The missing knife made his situation even more desperate than he had supposed it was. With a knife he might have fashioned a bow such as he had once seen Glen Drake use for lighting a fire; as it was, he should have to keep warm as best he could.
The first thing he did was to choose a convenient hollow that was protected at the back by the hill and on the sides by birches and the willows. Then, breaking off a quantity of branches, he fashioned a rude but effective windbreak for the front. By the time he had finished doing that work it was twilight, and a cool wind was blowing across the pond.

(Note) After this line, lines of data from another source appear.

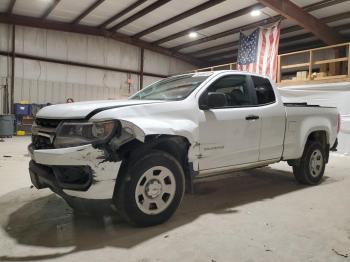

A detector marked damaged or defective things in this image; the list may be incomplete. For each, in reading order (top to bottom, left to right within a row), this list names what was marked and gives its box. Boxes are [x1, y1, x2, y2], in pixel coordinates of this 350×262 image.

crumpled hood [35, 100, 161, 119]
broken headlight [54, 120, 118, 147]
damaged front end [28, 117, 144, 200]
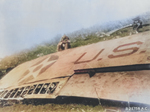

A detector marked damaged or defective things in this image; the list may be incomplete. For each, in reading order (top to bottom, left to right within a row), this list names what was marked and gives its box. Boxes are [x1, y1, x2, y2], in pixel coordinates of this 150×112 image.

crashed bomber [0, 31, 150, 105]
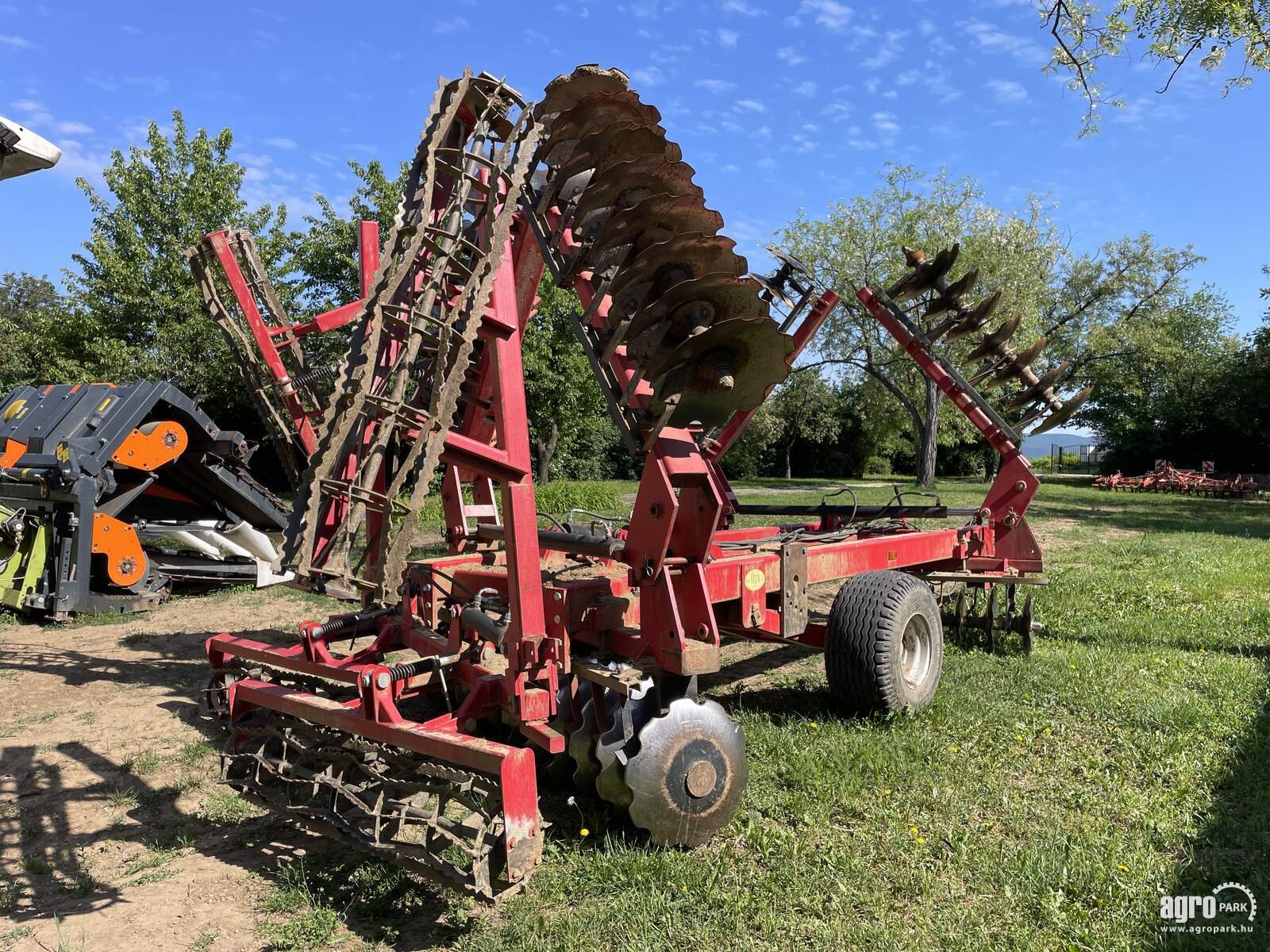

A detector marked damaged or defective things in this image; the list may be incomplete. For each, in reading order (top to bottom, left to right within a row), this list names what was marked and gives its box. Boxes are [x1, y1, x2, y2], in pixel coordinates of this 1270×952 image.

Don opened the package of food that the good lady at the farmhouse had given him. There were bread and cheese and three small ginger cakes; and when he had eaten half the food and put the rest by till morning he felt a good deal better. Pulling his coat up round his neck, he snuggled down on the light branches with which he had carpeted the floor of his bower and prepared to wait for morning.
All light had faded from the sky, and the wind was rising steadily. Loose twigs all round him tapped incessantly against one another in tune with the wind. Don shivered and forgot the dull pain in his ankle.
Out in the pond and down close to the shore on both sides of the cove he could hear strange little splashes, and in the thickets behind him a pair of owls were calling every now and then. If it had not been for thoughts of Aunt Martha, Don might really have enjoyed his experience. He did not doubt that he should be able to walk in the morning, and he rather liked being out alone as Glen Drake had been many, many times.
Once he dozed off and awoke some time later, feeling cold and hungry. The twigs were tapping all about him; somewhere far to the south a hound was baying mournfully; and in front of him the moon had covered the pond with a silvery sheen.
Again Don dozed off, and then awoke with a violent start. Somebody—or something—was moving about in the underbrush on the slope above him. Then a stone rattled down and bounded into the water. Startled at the loud splash it made, Don gave an involuntary exclamation. An instant later he heard someone call his name.
“O Don!” the call was repeated.
Don sat up. “Who is it?” he shouted in reply.
“Yer safe and sound? Praise be for that!”